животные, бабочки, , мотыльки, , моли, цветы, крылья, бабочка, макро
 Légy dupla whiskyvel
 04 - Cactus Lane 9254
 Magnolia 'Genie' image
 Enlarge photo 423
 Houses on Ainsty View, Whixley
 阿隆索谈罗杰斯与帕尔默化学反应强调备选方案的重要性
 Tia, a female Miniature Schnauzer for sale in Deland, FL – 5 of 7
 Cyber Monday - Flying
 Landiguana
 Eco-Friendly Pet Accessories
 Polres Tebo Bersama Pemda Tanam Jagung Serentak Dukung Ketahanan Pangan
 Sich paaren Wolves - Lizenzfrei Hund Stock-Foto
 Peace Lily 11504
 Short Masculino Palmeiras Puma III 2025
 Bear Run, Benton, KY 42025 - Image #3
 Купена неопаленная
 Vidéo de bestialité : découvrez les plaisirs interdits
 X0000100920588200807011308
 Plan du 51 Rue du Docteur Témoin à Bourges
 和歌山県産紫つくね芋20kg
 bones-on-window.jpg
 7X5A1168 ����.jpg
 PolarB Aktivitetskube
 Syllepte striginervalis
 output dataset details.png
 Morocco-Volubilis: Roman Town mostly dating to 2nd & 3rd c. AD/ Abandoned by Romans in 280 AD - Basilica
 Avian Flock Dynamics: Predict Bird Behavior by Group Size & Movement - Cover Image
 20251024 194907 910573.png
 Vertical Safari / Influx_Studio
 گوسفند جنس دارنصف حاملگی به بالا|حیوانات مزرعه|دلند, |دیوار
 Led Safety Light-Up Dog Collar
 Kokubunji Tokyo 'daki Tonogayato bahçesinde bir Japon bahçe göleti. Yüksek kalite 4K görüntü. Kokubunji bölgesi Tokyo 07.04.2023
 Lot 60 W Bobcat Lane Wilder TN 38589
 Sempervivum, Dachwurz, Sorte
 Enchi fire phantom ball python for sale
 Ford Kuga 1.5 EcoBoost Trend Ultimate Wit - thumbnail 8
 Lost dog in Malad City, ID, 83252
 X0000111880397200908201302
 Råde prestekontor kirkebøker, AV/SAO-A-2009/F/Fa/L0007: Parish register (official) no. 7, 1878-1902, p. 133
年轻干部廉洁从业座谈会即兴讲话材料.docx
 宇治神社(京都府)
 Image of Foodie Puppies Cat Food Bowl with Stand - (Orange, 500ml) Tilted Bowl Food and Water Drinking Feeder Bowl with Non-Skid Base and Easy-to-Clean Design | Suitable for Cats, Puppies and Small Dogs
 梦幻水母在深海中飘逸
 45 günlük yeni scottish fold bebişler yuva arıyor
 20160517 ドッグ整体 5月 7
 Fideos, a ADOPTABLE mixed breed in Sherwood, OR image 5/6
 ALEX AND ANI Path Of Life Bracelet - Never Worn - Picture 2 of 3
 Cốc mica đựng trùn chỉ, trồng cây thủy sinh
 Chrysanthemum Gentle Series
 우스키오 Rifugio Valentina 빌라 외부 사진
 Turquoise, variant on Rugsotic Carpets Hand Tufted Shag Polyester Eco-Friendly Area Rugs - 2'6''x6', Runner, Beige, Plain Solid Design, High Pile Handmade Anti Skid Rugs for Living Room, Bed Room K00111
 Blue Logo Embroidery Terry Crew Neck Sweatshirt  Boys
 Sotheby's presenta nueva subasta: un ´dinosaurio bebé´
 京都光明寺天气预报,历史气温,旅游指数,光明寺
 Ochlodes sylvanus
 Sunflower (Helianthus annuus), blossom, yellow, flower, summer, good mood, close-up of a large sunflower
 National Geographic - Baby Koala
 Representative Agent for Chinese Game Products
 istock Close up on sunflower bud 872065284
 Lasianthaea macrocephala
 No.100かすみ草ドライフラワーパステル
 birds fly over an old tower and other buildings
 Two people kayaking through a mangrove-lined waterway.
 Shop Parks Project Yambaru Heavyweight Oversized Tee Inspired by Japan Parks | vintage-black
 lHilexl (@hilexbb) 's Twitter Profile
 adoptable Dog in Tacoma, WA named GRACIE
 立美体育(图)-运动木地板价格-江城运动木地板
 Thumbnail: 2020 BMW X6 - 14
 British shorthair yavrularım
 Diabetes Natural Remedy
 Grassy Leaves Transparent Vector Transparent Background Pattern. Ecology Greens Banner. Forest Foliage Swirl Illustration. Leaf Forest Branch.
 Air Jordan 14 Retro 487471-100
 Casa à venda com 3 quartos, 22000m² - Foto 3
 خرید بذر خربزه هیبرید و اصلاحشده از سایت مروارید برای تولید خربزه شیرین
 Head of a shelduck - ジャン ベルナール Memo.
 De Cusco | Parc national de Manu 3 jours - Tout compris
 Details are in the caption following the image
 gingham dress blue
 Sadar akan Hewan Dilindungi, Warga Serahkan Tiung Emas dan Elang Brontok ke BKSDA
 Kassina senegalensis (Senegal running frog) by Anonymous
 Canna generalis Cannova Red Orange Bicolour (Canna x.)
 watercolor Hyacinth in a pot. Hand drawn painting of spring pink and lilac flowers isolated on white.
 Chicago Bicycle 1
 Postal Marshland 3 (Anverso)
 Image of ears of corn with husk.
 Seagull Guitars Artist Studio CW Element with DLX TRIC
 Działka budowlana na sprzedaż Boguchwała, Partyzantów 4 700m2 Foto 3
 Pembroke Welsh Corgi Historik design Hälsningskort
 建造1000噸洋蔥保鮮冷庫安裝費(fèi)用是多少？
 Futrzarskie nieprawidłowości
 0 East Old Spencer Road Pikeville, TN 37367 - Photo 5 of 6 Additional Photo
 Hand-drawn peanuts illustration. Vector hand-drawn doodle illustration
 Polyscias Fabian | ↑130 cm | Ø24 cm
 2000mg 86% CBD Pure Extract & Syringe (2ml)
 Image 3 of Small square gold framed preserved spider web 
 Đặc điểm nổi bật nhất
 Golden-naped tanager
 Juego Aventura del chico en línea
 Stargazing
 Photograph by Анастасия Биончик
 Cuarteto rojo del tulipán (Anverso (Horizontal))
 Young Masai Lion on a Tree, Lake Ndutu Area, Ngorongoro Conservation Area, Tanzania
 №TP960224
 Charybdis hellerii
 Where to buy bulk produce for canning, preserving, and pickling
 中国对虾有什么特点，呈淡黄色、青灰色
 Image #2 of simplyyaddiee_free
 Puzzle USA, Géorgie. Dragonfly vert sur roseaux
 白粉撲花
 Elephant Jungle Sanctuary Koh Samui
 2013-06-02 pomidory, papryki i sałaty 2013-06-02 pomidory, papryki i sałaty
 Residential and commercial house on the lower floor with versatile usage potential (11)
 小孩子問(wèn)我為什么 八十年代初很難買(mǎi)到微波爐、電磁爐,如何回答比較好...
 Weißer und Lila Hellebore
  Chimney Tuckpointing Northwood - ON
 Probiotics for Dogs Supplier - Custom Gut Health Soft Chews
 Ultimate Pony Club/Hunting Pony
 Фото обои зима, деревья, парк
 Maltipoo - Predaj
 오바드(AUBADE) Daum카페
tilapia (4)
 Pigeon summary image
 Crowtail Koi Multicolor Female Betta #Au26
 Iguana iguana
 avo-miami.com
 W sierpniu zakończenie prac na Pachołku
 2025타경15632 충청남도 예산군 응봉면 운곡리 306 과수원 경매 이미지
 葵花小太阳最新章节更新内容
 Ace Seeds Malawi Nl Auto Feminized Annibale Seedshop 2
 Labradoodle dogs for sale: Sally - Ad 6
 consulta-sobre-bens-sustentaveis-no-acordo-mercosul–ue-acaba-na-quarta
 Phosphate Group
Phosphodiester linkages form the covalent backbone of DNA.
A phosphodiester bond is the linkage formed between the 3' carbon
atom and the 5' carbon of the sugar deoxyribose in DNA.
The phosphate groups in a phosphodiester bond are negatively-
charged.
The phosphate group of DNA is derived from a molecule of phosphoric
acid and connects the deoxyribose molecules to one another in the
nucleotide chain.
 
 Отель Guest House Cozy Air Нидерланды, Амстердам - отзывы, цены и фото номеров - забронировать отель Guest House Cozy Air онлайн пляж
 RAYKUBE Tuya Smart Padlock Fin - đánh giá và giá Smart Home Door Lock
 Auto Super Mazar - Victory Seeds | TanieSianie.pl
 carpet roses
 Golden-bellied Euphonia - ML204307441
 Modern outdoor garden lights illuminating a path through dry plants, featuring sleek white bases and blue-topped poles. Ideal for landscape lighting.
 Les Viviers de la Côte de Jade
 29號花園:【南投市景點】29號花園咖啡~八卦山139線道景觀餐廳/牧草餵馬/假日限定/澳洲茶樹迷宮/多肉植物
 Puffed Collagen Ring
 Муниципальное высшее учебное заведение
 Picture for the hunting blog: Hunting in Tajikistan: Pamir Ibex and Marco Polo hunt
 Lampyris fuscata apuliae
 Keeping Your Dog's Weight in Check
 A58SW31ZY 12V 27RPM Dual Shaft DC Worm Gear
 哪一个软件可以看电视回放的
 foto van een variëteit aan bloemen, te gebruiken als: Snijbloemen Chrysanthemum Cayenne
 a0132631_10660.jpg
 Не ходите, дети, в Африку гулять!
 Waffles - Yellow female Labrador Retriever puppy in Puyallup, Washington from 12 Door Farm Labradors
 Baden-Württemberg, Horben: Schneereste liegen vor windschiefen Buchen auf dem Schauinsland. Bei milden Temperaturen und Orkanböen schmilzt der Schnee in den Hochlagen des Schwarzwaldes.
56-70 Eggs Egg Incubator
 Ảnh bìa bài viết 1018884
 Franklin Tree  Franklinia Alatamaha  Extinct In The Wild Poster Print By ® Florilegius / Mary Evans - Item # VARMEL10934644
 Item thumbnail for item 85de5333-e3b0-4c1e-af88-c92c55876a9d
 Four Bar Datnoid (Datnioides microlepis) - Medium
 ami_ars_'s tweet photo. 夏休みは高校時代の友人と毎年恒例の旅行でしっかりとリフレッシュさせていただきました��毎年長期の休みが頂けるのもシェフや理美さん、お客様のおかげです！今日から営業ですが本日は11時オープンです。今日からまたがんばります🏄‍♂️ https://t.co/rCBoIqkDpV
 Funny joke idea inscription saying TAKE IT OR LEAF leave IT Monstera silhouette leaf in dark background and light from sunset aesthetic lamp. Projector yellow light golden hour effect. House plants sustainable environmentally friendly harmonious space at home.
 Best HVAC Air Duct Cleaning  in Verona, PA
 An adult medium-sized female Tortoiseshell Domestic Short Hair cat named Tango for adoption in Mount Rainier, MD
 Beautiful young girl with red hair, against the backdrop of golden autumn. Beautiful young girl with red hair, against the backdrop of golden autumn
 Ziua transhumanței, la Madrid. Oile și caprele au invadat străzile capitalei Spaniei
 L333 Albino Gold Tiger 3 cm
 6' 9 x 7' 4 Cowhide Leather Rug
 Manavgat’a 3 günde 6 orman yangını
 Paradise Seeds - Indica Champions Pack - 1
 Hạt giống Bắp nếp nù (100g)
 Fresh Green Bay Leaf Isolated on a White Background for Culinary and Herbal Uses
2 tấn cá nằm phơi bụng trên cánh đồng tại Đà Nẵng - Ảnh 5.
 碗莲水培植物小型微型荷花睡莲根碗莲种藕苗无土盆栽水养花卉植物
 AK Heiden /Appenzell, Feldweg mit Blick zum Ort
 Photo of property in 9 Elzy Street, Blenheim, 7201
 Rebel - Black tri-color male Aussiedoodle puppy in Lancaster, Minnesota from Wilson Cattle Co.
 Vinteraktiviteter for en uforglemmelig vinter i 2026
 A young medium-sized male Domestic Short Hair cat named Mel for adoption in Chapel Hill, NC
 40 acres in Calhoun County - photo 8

————

**THE TASK**
If a line in the material contains the word "Anverso", copy that line.

**ANSWER TO THIS EXERCISE**
 Postal Marshland 3 (Anverso)
 Cuarteto rojo del tulipán (Anverso (Horizontal))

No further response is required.